Bagging for evolving data streams using ADWIN [1] [2] is an ensemble classifier. ADWIN is a change detector and estimator that solves in a well-specified way the problem of tracking the average of a stream of bits or real-valued numbers. ADWIN keeps a variable-length window of recently seen items, with the property that the window has the maximal length statistically consistent with the hypothesis “there has been no change in the average value inside the window”.

More precisely, an older fragment of the window is dropped if and only if there is enough evidence that its average value differs from that of the rest of the window. This has two consequences: one, that change reliably declared whenever the window shrinks; and two, that at any time the average over the existing window can be reliably taken as an estimation of the current average in the stream (barring a very small or very recent change that is still not statistically visible). A formal and quantitative statement of these two points (a theorem) appears in the reference paper.

ADWIN is parameter- and assumption-free in the sense that it automatically detects and adapts to the current rate of change. Its only parameter is a confidence bound δ, indicating how confident we want to be in the algorithm’s output, inherent to all algorithms dealing with random processes. Also important, ADWIN does not maintain the window explicitly, but compresses it using a variant of the exponential histogram technique. This means that it keeps a window of length W using only O(log W) memory and O(log W) processing time per item.
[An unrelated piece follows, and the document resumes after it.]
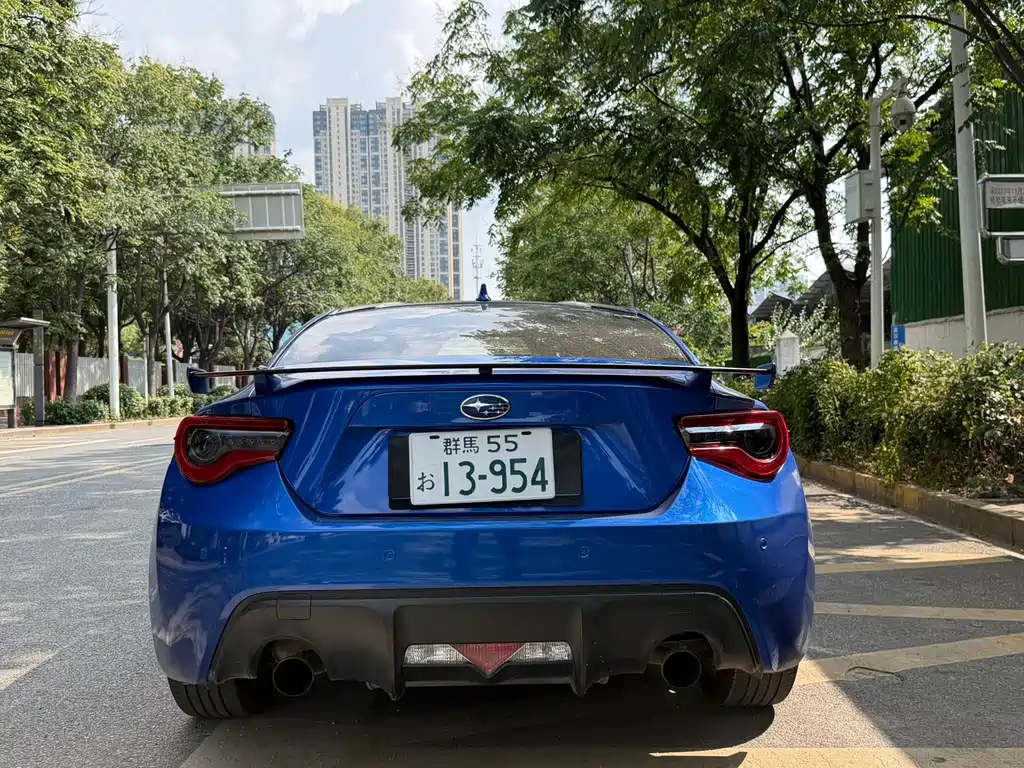 Subaru BRZ — миниатюра 8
ADWIN Bagging is the online bagging method of Oza and Rusell with the addition of the ADWIN algorithm as a change detector and as an estimator for the weights of the boosting method. When a change is detected, the worst classifier of the ensemble of classifier is removed and a new classifier is added to the ensemble.

>>> from capymoa.classifier import OnlineAdwinBagging
>>> from capymoa.datasets import ElectricityTiny
>>> from capymoa.evaluation import prequential_evaluation
>>>
>>> stream = ElectricityTiny()
>>> classifier = OnlineAdwinBagging(stream.get_schema())
>>> results = prequential_evaluation(stream, classifier, max_instances=1000)
>>> print(f"{results['cumulative'].accuracy():.1f}")
85.3
__init__(
schema=None,
CLI=None,
random_seed=1,
base_learner=None,
ensemble_size=100,
minibatch_size=None,
number_of_jobs=None,
)[source]#

Constructor for online ADWIN bagging.

Parameters:
  • schema – The schema of the stream. If not provided, it will be inferred from the data.

  • CLI – Command Line Interface (CLI) options for configuring the ARF algorithm. If not provided, default options will be used.

  • random_seed – Seed for the random number generator.

  • base_learner – The base learner to use. If not provided, a default Hoeffding Tree is used.

  • ensemble_size – The number of trees in the ensemble.

cli_help()[source]#
predict(instance)[source]#

Predict the label of an instance.

The base implementation calls predict_proba() and returns the label with the highest probability.

Parameters:

instance – The instance to predict the label for.

Returns:

The predicted label or None if the classifier is unable to make a prediction.

predict_proba(instance)[source]#

Return probability estimates for each label.

Parameters:

instance – The instance to estimate the probabilities for.

Returns:

An array of probabilities for each label or None if the classifier is unable to make a prediction.

train(instance)[source]#

Train the classifier with a labeled instance.

Parameters:

instance – The labeled instance to train the classifier with.

random_seed: int#

The random seed for reproducibility.

When implementing a classifier ensure random number generators are seeded.

schema: Schema#

The schema representing the instances.